Le programme 231 finance la vie étudiante. Il se voit attribuer 66 millions d'euros supplémentaires en 2020, soit une augmentation de 2,46 %, pour atteindre une dotation globale de 2,7 milliards d'euros. L'augmentation sera ainsi répartie : 60 millions d'euros pour les bourses sur critères sociaux, dont la majeure partie au titre de la réévaluation de 1,1 % de leur montant pour la première fois depuis 2016 ; 3 millions d'euros pour la certification en langue anglaise des 38 000 étudiants concernés ; 3 millions d'euros pour l'aide à la mobilité internationale des étudiants boursiers correspondant au versement de 7 500 mensualités supplémentaires.

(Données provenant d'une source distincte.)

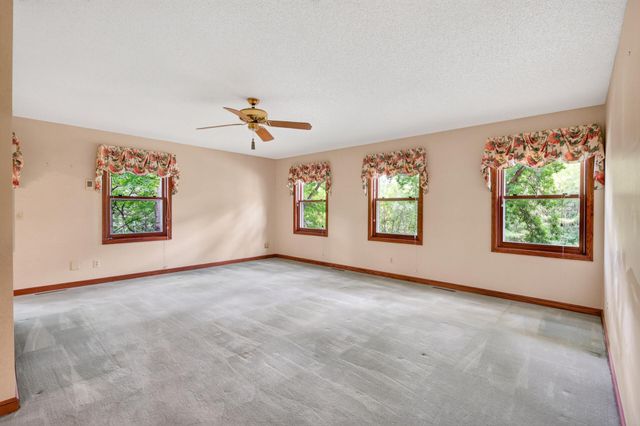 18401 Beaverwood Hill, Minnetonka, MN 55345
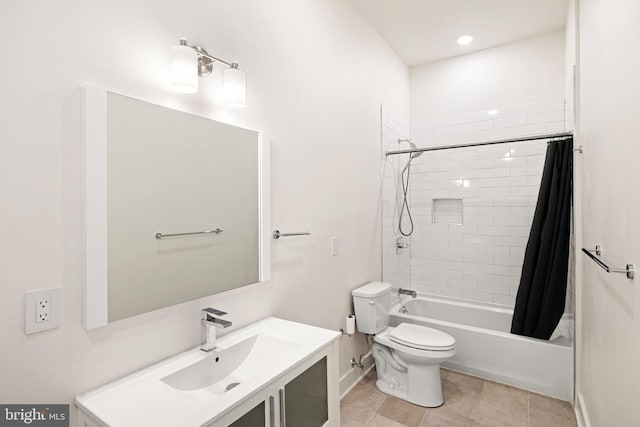 full bath with shower / bathtub combination with curtain, toilet, vanity, tile patterned flooring, and baseboards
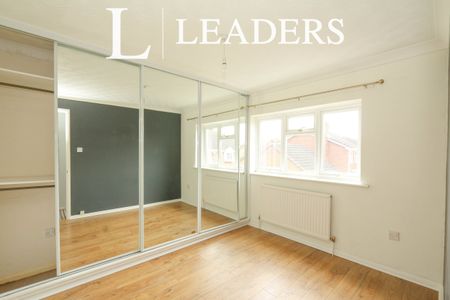 4 bedroom house to rent Brabazon Drive, Mudeford, BH23 - Photo 2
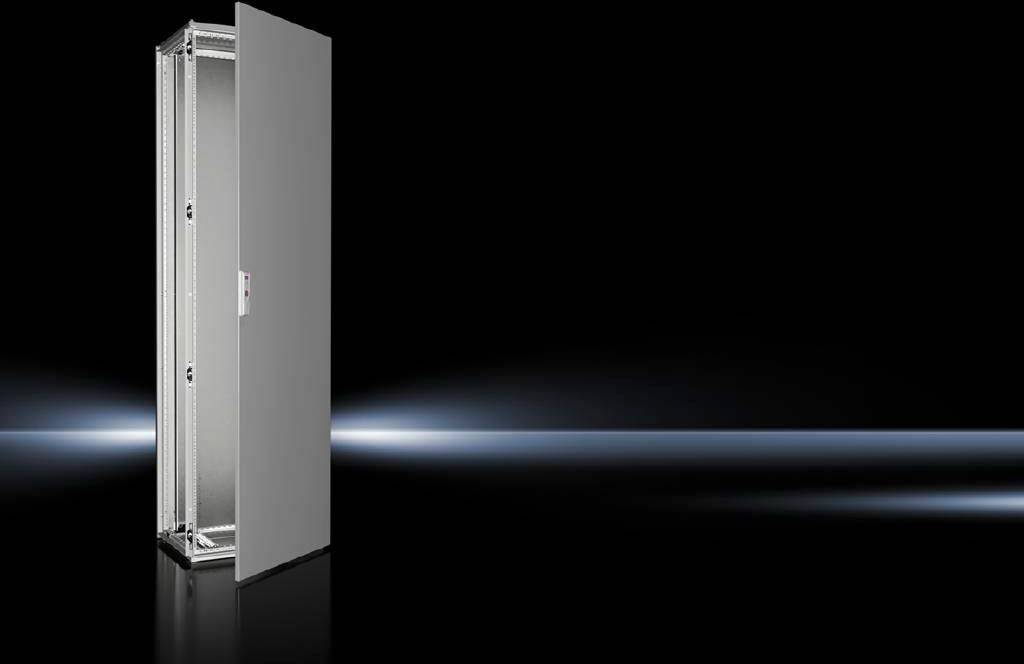 'Armoire grise avec porte ouverte, debout sur un fond noir avec une bande lumineuse brillante. Équipement technique visible.'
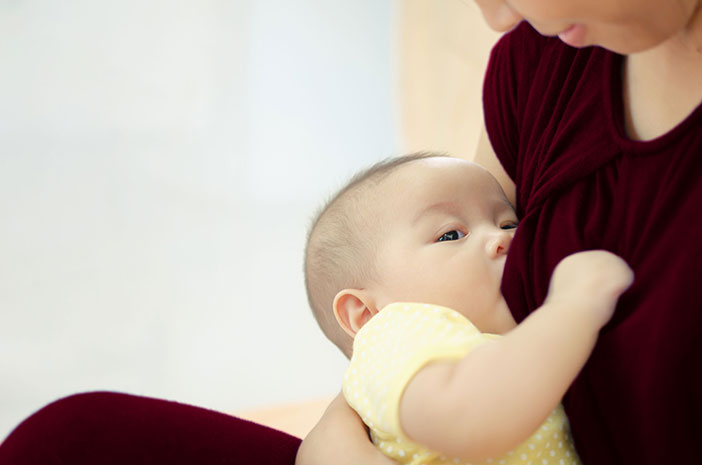 Cara Menjaga Kualitas ASI pada Bayi Usia 6-12 Bulan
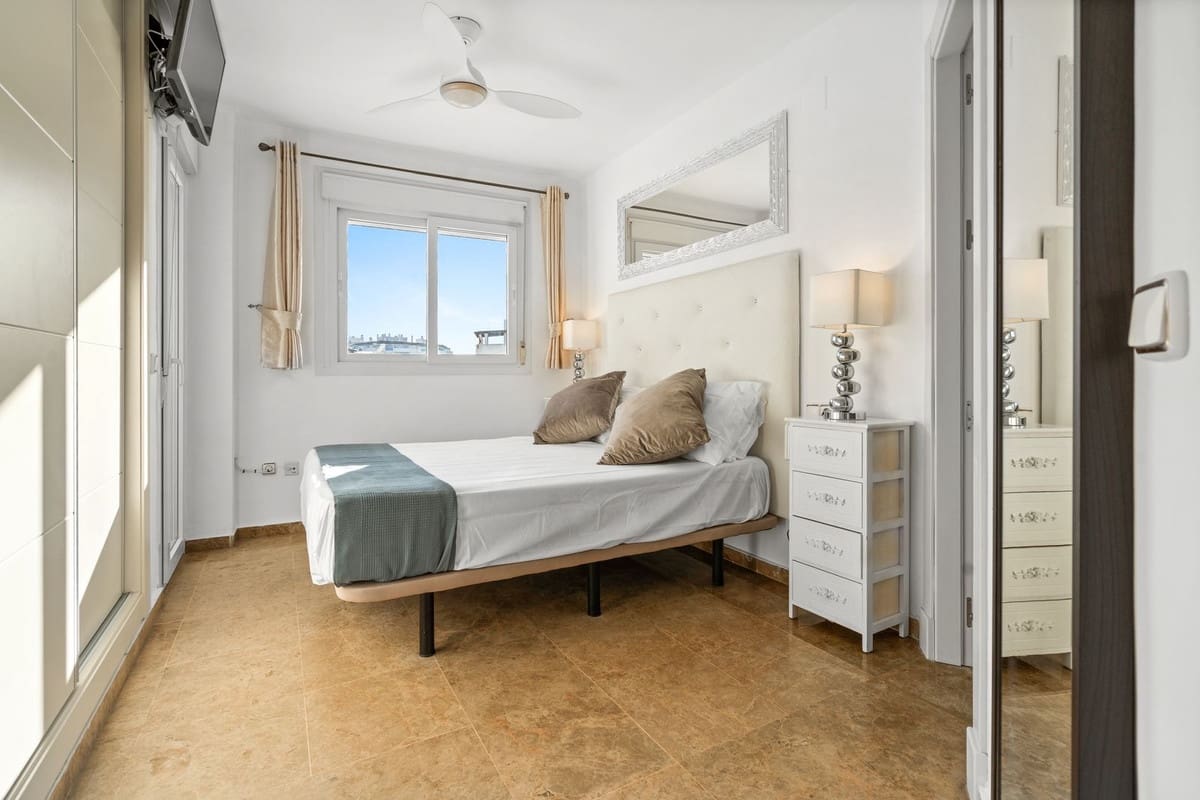 3 sypialnia Apartament na sprzedaż w Estepona z basenem garażem - 495 000 € (Ref: 9630228)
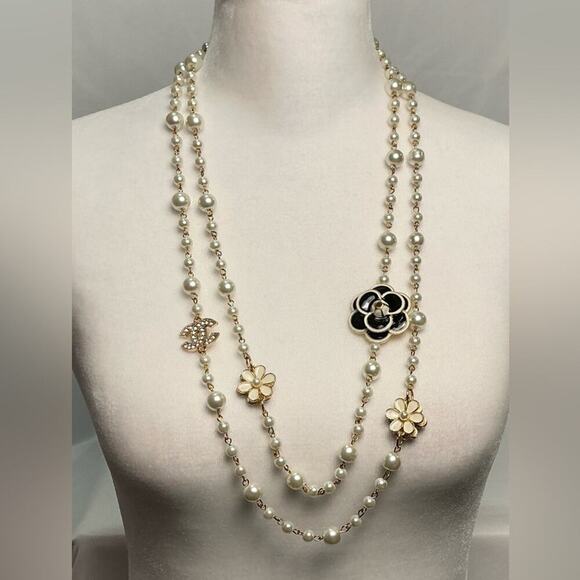 Louis Vuitton Jewelry - Pearl & Gold Flower Necklace Simulated Faux Pearl Strand Layers Chanel extender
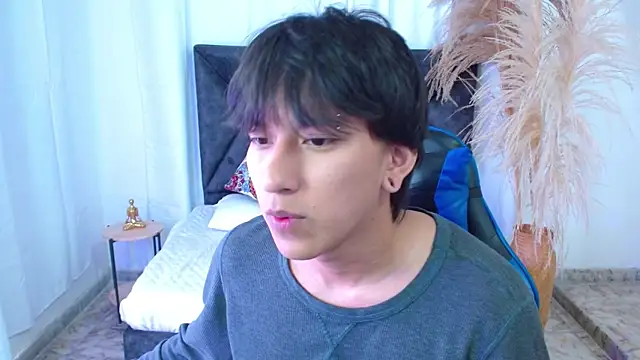 nikoo 18 online show from 02-18-26, 01:40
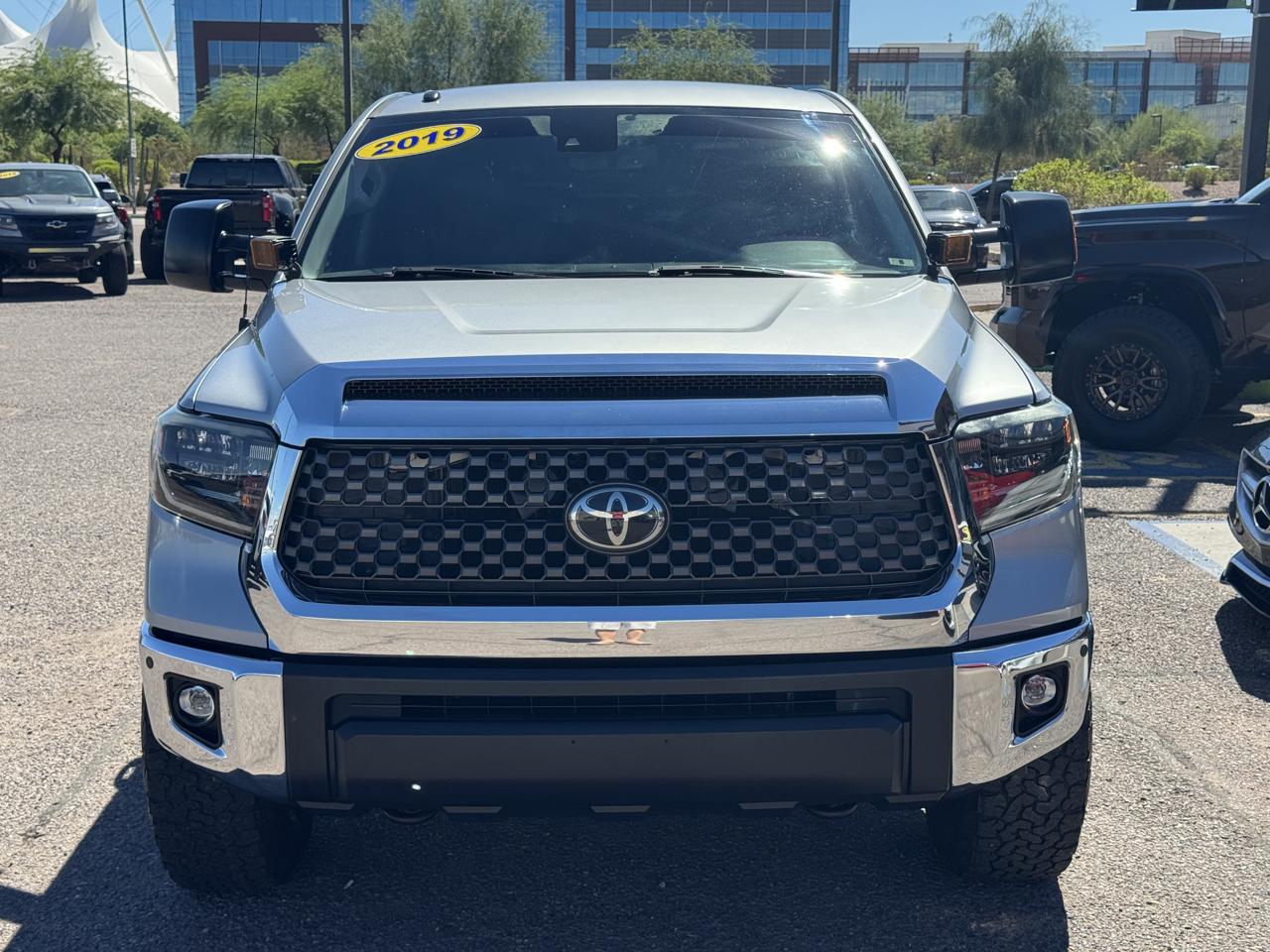 Toyota Tundra 4WD SR5 CrewMax 5.5' Bed 5.7L (Natl) 2019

Ces efforts sont évidemment bienvenus, alors que le coût de la rentrée universitaire - bien que ne faisant pas l'objet d'un chiffrage objectif et partagé - affiche une tendance haussière. Les syndicats d'étudiants m'ont toutefois alerté sur la nécessité, au-delà du niveau des bourses, de revoir le système dans sa globalité. D'après les services du ministère, le sujet est actuellement à l'étude dans le cadre d'une possible intégration des bourses au sein du nouveau revenu universel d'activité (RUA).

À ces crédits du programme 231 s'ajoutent, pour le financement de la vie étudiante, les montants résultant du paiement de la contribution à la vie étudiante et de campus (CVEC) par les étudiants. Dans le projet de loi de finances pour 2020, son plafond d'affectation est enfin relevé à un niveau plus conforme à ce que les projections de recouvrement avaient escompté, soit 140 millions d'euros. Nous devrons cependant rester vigilants, à l'occasion du projet de loi de finances rectificative, à ce que les recettes soient intégralement réattribuées à des actions de prévention et d'accès aux soins, ainsi qu'à des activités sportives et culturelles.

En conclusion, le présent projet de loi de finances affiche assurément un soutien à l'enseignement supérieur, mais pas, hélas, dans des proportions permettant de faire face aux enjeux. Sous les réserves précédemment développées, je vous propose d'émettre un avis favorable à l'adoption des crédits de l'enseignement supérieur au sein de la mission « Recherche et enseignement supérieur ».